One night I sat at supper with the president of a private, classical school in Chicago. We had a great discussion on transitioning into classical education from conventional schooling. We also talked about environmental ethics, alternative energy, and the quality of the food. He is a retired journalist, so he shared some of his reporting experience, which spanned several decades. Another night I had a long conversation with a retired efficiency expert who had consulted with companies throughout the world. He was Dutch, but had recently become an American citizen.
Another night, I shared a table with some Nigerian pastors. They were amazed that we Americans could eat meat every night and cheesecake, too. Then, the bespectacled pastor asked me how he could get a pair of rimless glasses like mine, so we explored the wonders of online optical stores on a smartphone. His phone was nicer than mine. This was an international experience.
Then there were philosophers, historians, lawyers, engineers, housewives, pastors, firemen, soldiers, butchers, bakers, and candlestick makers. Actually, I didn’t see any of the last three, but they may have been there. It was a profoundly interdisciplinary event.
The highlights of the meeting was getting to meet Michael Novak, a well-known economist. Actually, I think the high point was when he asked me to get him some potato chips from the lunch line, but I’ll let you judge for yourself.
The best lecture I went to was by Peter Kreeft. The formerly Evangelical, now Catholic philosopher from Boston College. He is an expert on Aquinas and the Inklings. His talk on Truth, Beauty and Goodness in C.S. Lewis was true, beautiful and good on its own. It was a pleasure to hear him masterfully unfold his topic and answer questions with such depth, breadth, and clarity.
There were amazing conversations wherever you turned. People were talking about poverty alleviation efforts in their local cities, starting businesses, and funding charities. There was a fermenting energy bursting from every corner.

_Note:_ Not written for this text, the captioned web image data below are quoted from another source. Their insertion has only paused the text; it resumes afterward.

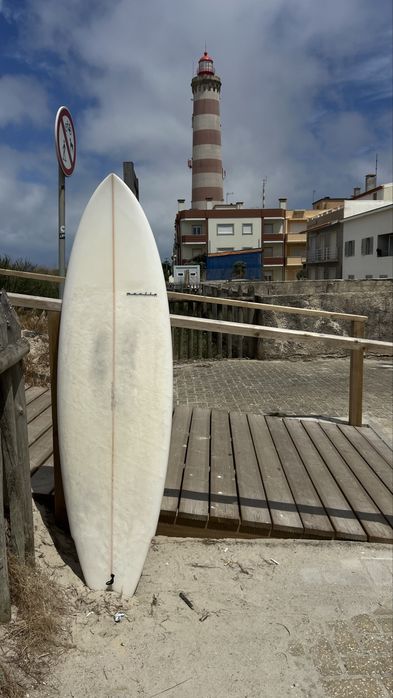 5”10 swallow tail / fish - prancha de surf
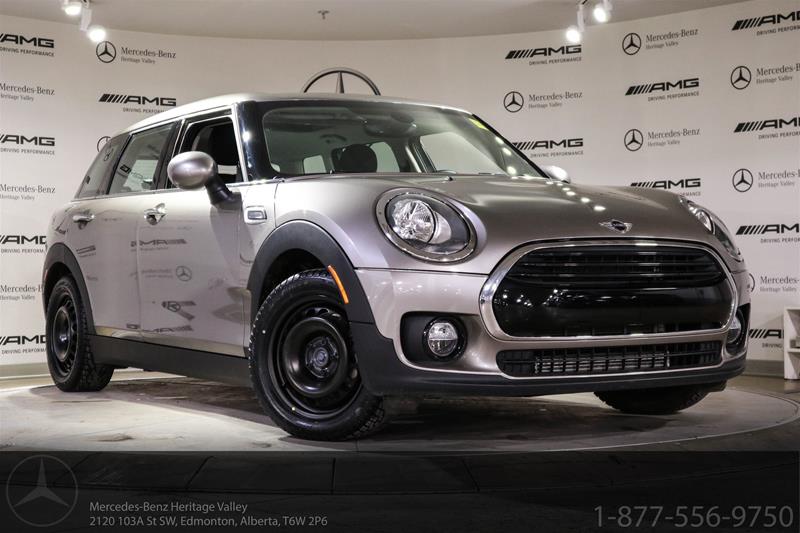 Doccasion 2016 Mini Cooper Cooper Clubman 4 Door Sedan Pw2481a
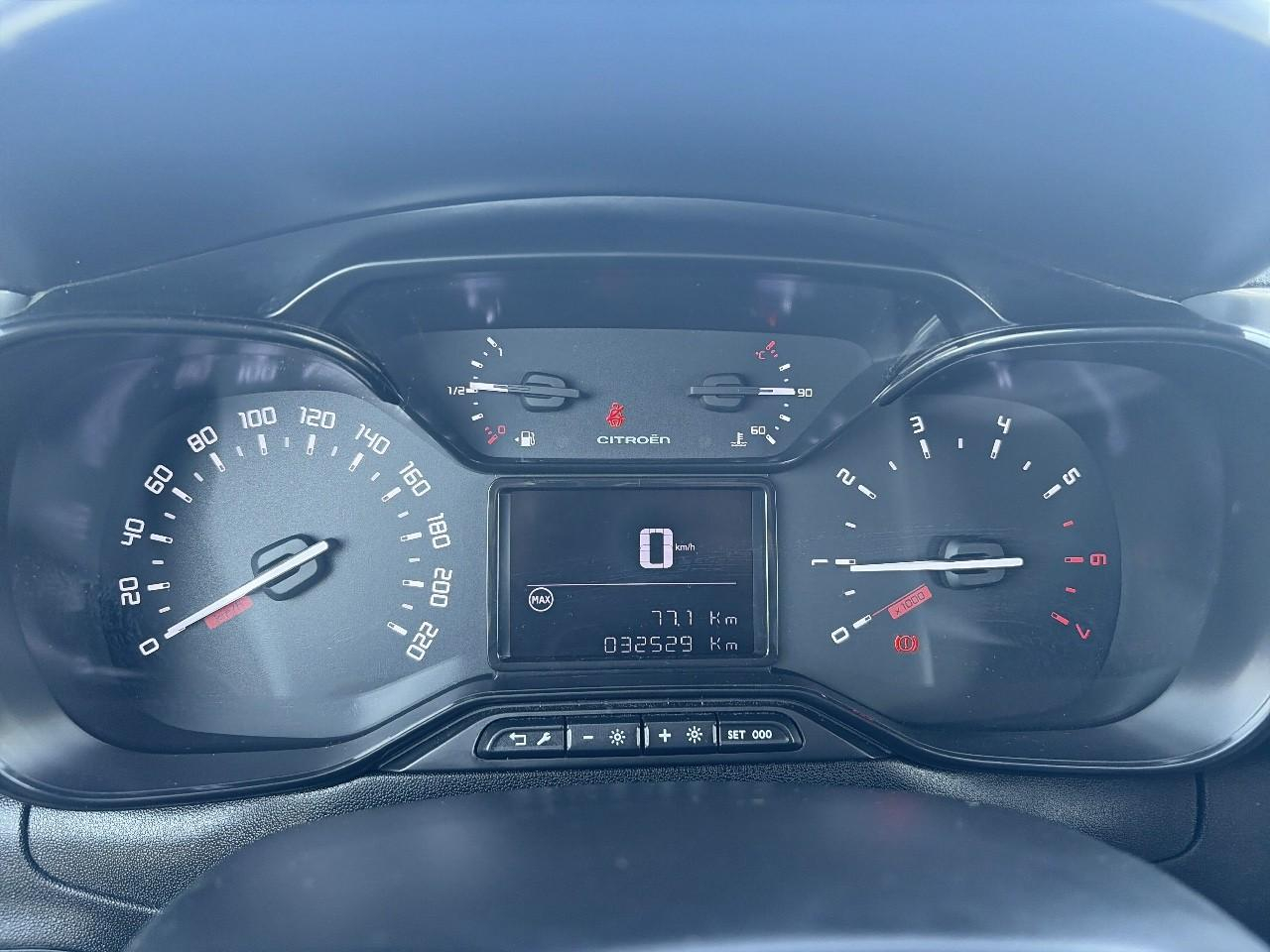 Citroën C3 1.2 puretech 83ch s&s you! — photo 13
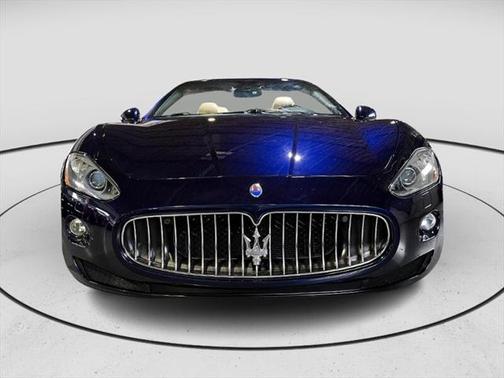 2014 Maserati GranTurismo Base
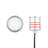 Low Voltage Integrated LED Metal Well Light-19463930-115030873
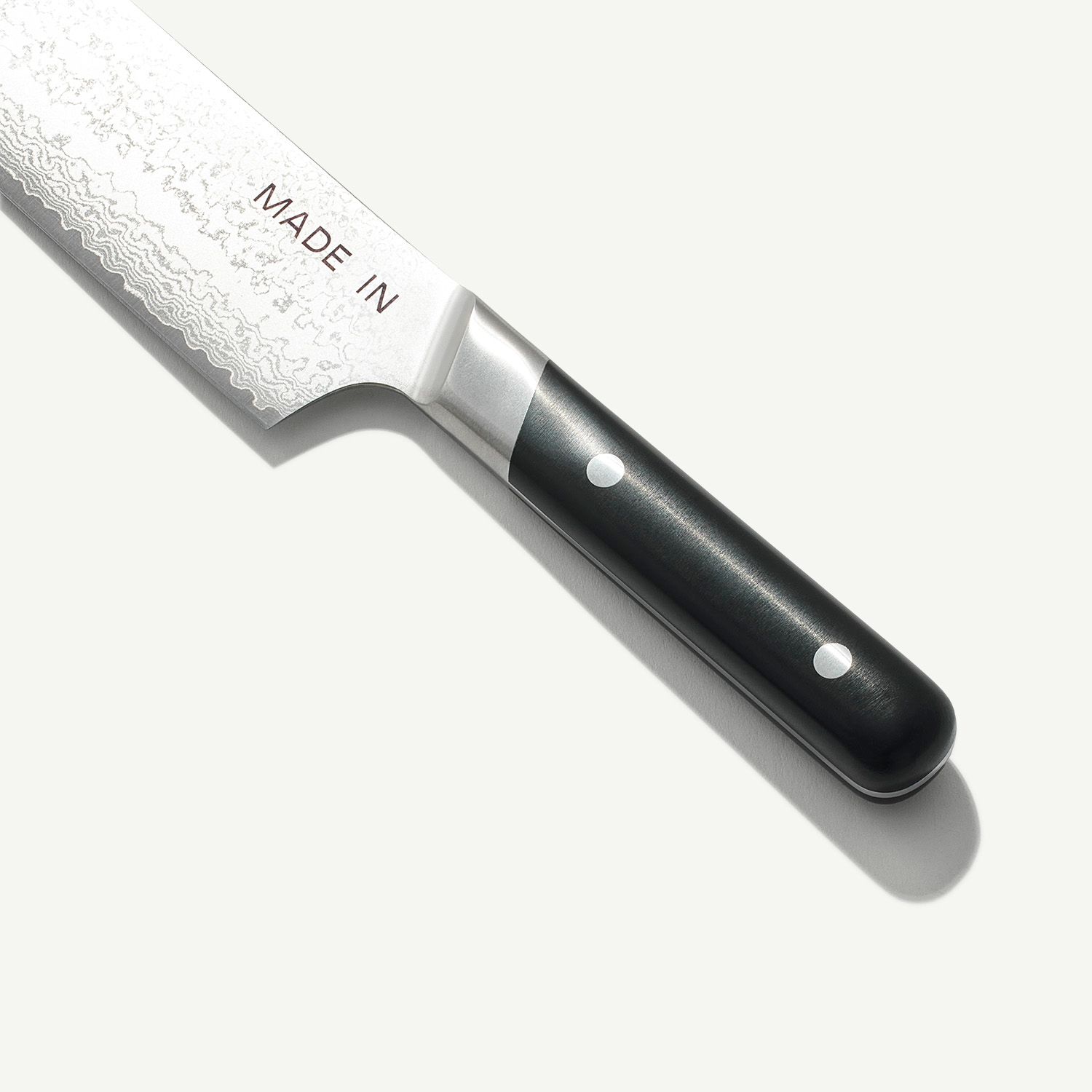 Japanese Damascus Steel Knives - Image 5
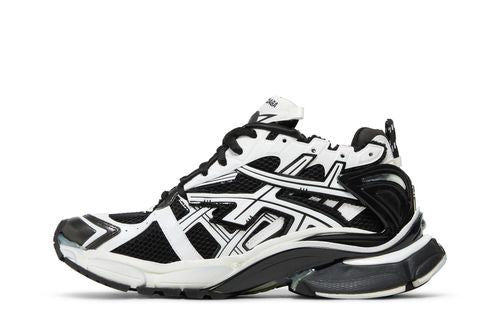 Balanciaga Runner - Noir/Blanc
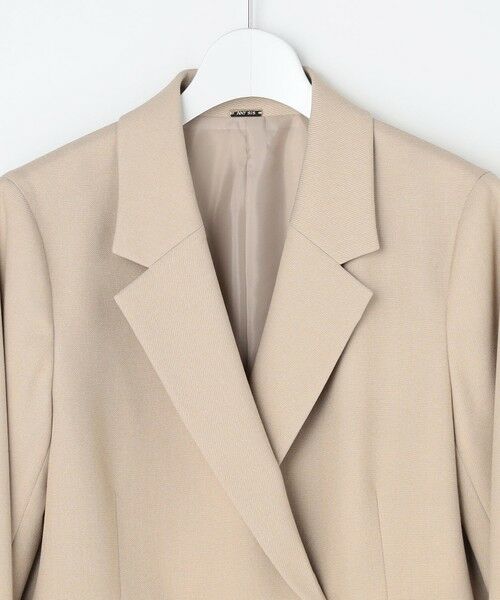 ANY SIS / エニィスィス テーラードジャケット | 褒めらレディストレッチ テーラード ジャケット | 詳細6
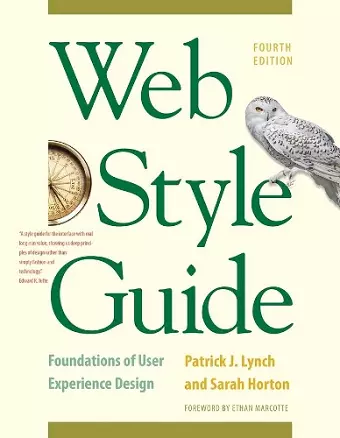 Web Style Guide, 4th Edition cover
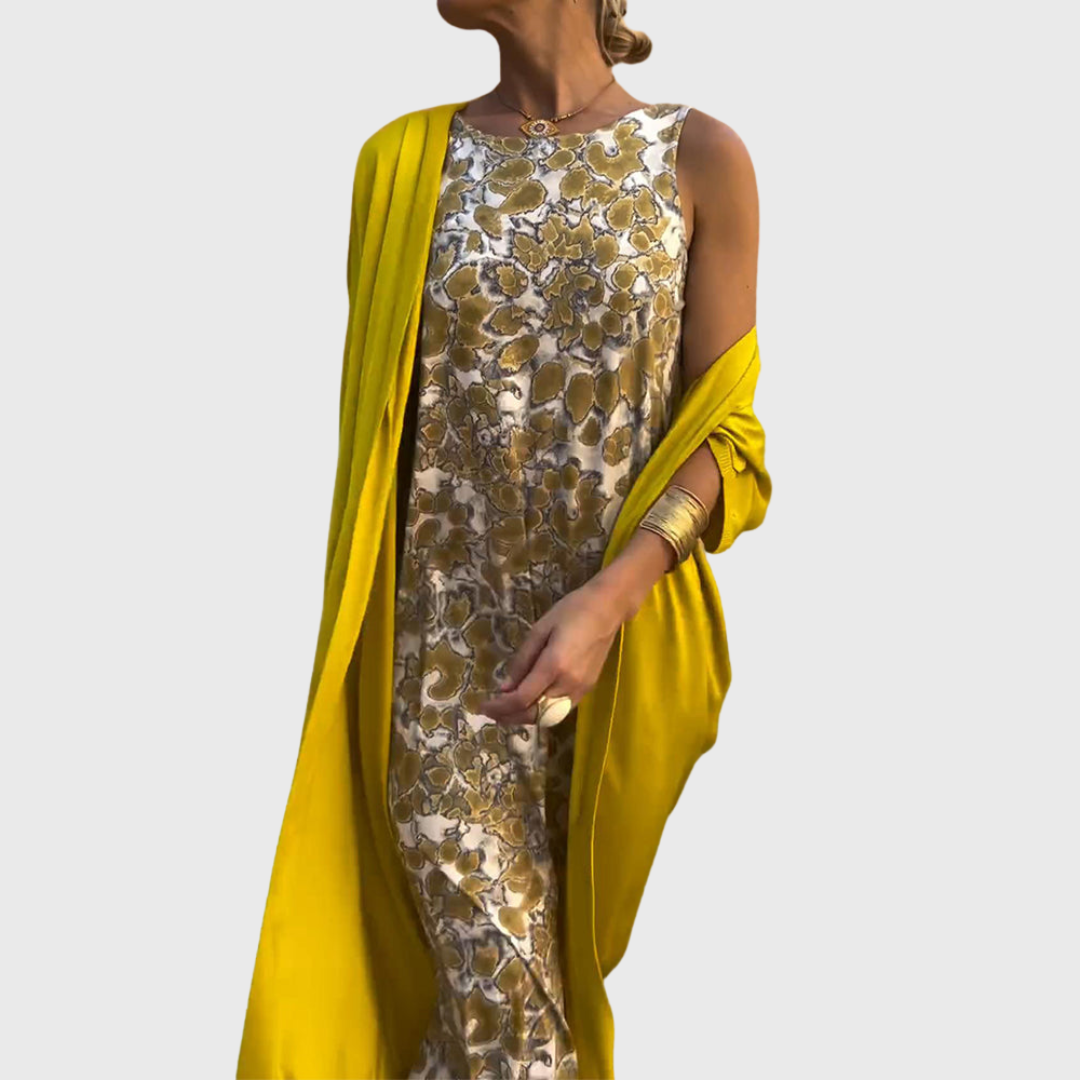 Scarlet | Elegant Dress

It really is a wonderful thing.
Everywhere capitalists, yet everywhere there was concern for human dignity and the rule of law. There is an energy in the movement. A synergistic momentum that propels attendees out of the meeting looking for a hill to take and a person to help.
If you have a chance, you should go. It's an exciting place to meet people and consider future possibilities, and you never know where the road might take you.